My dad and I are clashing and I’m ready to move out

CareBear81

I don’t know how he expects me to help him when all he’s doing is pushing me away. He’s so moody and I get it. He’s tired. But so am I. Like if I don’t correctly hear what he says he gets angry and says “you just don’t want to listen!” I’m sorry but when you raise your voice at me I automatically start to shut down. This was all over my mom’s Seroquel. He’s only been giving it once a day when it’s been ordered to give it twice. I went out of my way to type up a medication list of each drug and when it’s supposed to be given. Why do I even bother? He doesn’t even look at it! He would rather ask me instead and I’m like “look at the cheat sheet.” I have to get him used to thinking on his own cause I’ll be moving away for college in August. He won’t have anyone around. But his little temper tantrums about anything and everything are just pushing me out the door. I’m sooo ready to leave when at first I thought about taking a semester off to help a little more with mom but at this point no way! Get me out of here!
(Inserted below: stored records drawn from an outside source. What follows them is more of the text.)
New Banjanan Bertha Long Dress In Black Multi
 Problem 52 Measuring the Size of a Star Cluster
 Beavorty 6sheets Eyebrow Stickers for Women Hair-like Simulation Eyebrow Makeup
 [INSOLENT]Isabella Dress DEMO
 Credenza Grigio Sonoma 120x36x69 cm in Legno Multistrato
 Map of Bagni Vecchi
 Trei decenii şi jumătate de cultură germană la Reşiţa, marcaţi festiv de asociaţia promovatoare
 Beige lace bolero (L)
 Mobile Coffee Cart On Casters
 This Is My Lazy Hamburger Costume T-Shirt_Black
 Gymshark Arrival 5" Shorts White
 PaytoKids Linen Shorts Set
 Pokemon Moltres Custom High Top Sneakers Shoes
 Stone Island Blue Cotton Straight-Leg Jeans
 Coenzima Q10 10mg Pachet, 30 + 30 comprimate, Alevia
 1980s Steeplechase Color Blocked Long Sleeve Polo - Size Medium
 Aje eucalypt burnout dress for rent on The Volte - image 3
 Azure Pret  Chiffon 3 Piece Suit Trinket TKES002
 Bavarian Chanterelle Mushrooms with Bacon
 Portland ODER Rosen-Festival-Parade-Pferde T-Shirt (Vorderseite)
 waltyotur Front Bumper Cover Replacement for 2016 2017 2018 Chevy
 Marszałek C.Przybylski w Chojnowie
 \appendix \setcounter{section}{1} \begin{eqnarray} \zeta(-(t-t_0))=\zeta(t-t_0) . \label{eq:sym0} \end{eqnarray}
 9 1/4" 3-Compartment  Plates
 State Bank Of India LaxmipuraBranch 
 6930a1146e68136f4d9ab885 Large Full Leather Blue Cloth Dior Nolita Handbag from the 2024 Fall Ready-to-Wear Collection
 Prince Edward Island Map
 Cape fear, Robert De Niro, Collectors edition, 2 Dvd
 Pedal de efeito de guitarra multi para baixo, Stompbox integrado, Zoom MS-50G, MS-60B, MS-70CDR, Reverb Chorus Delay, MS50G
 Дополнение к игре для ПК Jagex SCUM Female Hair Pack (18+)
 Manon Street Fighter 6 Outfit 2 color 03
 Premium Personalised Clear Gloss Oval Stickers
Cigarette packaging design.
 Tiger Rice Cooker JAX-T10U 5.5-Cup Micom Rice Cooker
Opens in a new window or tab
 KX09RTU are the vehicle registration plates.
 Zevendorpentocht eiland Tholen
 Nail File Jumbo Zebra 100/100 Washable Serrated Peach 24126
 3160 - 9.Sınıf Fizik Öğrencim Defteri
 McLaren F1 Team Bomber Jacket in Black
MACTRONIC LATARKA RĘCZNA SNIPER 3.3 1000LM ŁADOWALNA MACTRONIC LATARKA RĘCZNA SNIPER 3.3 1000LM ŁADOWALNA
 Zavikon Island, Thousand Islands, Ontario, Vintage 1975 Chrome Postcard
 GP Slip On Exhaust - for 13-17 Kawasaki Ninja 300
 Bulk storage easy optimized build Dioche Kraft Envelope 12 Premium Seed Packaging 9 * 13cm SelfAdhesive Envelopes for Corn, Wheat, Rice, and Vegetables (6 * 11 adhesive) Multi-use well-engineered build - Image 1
And right now he just drove off somewhere and didn’t ask me to watch my mom or anything (I’m in my room with the door closed). So she’s sitting in her Geri chair in the living room unsupervised. That’s how childish he can be. He won’t even ask me to do something cause he’s mad at me or whatever.

Jo C.

How very frustrating and sad; I am very sorry for what is happening. Both of your parents are I believe in their 70's.   Your father sounds to be severely overwhelmed; exhaustion can be not only physical, but also severely psychological.  He is facing your leavng which he knows leaves him alone to face everything alone; whether he recognizes this as a fear element or not we do not know.  He may well be struggling on how he is going to be able to manage and he, at his age, may be experiencing health challenges and also the possibility of early changes in his own brain's health and function that could be affecting his judgment and reasoning.

If his behaviors are as you describe, this may indicate that things at home cannot continue as they are.  Your father may not be able to continue on for one reason or another. His behavior may be a call for help, or may be indicating changes within his own ability to process and perform all that would be required.

If Hospice is on service with your mother as you have mentioned; it may be necessary to make an urgent call to the Social Worker and the Supervising RN; do this in private out of your father's hearing.  Discuss what is happening and the probability that your father will not be competent to provide your mother's care and he also may have health and brain changes himself.  Let the Social Worker come out and assess matters and also speak in private with your father.

Hospice will have certain care facilities that they are on service with; Hospice will cover their patient in the care facility just as they do at home.  So; if your father is not able to provide the necessary care; that is no blame upon him. If your mother goes into care with Hospice followoing, your father can then be with your mother as much as he can or wishes as the loving husband and all 24 hour care will be provided by the care facility's nurses and aides relieving him from the stressors he has been dealing with inside himself.  Your mother may also benefit from the routine and structure that can be provided.   Just a thought.

You are a very loving nad caring daughter; your parents are blessed to have you by their side, but you must move forward with your life and education.  Your father may have met his limit and he also is facing a severe loss of his beloved wife; his life is changing forever, so let others step in and assess the situation.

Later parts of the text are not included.